After the success of the GB gymnastics team at the 2012 Olympics, youth participation in the sport is at an all-time high. Kids all over the country are joining their local gyms and dreaming of Olympic glory, but what does it take to succeed as a gymnast?
Firstly it should be noted that gymnastics is an incredibly technical sport and requires many hours of practice to even develop the basics. It’s therefore not uncommon for children younger than 12 to train in excess of 25 hours a week. And although this has pushed up the standard of British Gymnastics phenomenally quickly, sadly this is often at the expense of the gymnasts’ education. Unlike many sports which are entwined with the national curriculum there is little space for gymnastics in schools. Training is done at private clubs and often there is a decision to be made on whether to pursue an education or a career in gymnastics.
For this reason there is much scepticism by parents when it comes to enrolling their children in elite gymnastics.
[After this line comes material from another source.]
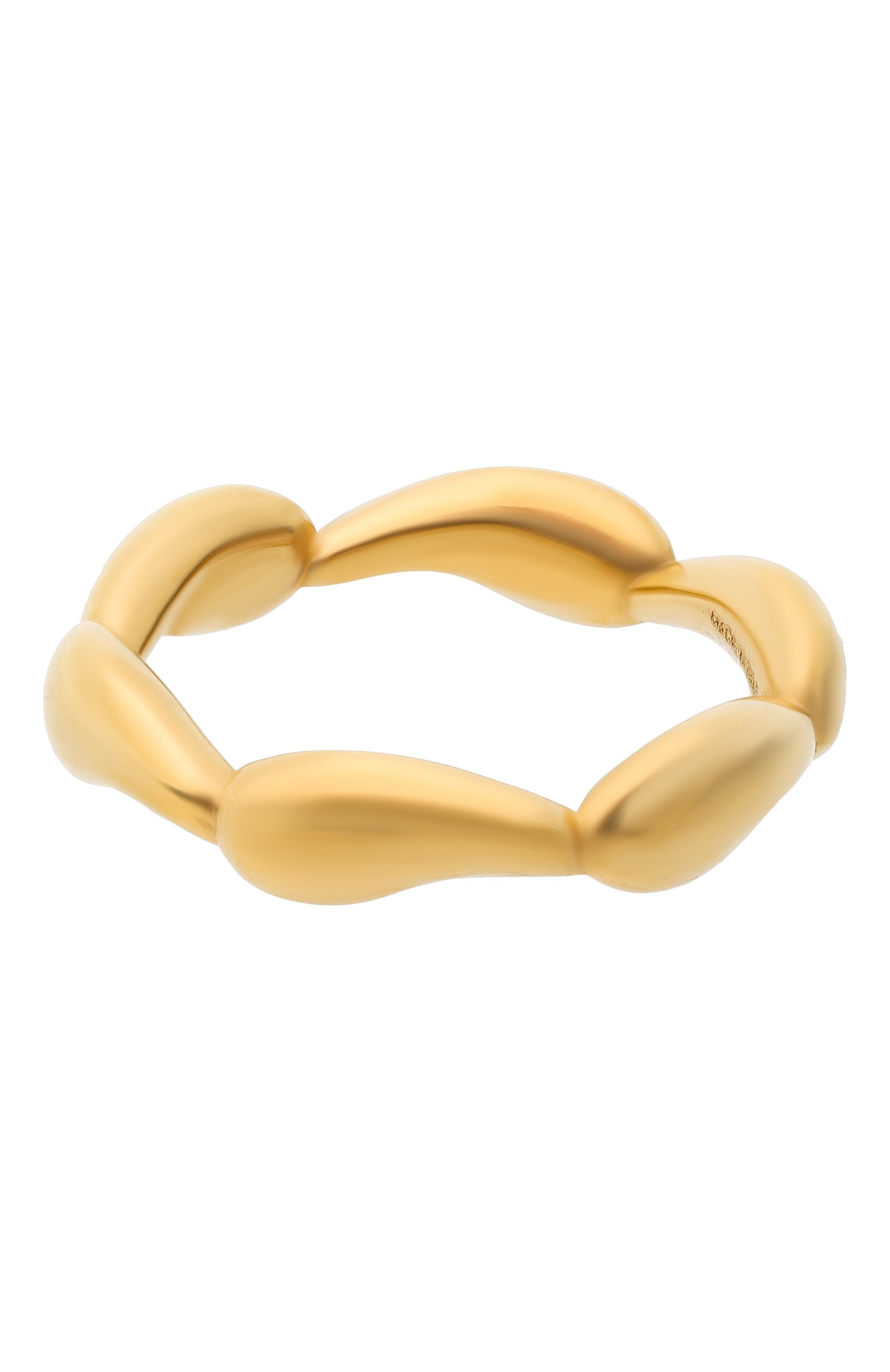 Комплект из двух колец CHLOÉ, арт. CHC24AFR67CB7, фото 5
For a minority the sport pays dividends, but what happens if you never make that Olympic team or win that Olympic medal after committing your life to the sport? Is there a way to combine education and gymnastics?
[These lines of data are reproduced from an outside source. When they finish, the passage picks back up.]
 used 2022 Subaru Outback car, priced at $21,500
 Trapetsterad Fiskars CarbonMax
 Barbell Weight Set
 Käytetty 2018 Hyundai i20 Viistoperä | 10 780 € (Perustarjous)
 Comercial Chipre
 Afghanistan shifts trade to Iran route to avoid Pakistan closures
The answer is Loughborough Students Gymnastics club.
At the recent 2014 British Championships, 10 male and female gymnasts represented the University and we had the largest male representation from any club in the country. The team had a great weekend and after the first subdivision a Loughborough Gymnast led on every piece of male apparatus.
Following the All-Around competition, an unprecedented 4 Loughborough gymnasts placed in the top 20 with Chris O’Connor 10th, Will Trood 12th, Robert Payne 16th and Harry Owen 18th. In the Master’s finals the following day Chris placed 8th on floor and Harry Carter 5th on Vault.
A few weeks after the competition the club received an email from the mother of a young gymnast who also competed that weekend. She commented on how we ‘inspired and impressed her son’ with ‘our ability and team spirit.’ She also mentioned how her son, currently 12 years old, is now adamant he wants to attend the University and compete for the gymnastics team.
The club is extremely proud of this, and hope that we continue to enact the London 2012 legacy and inspire a generation.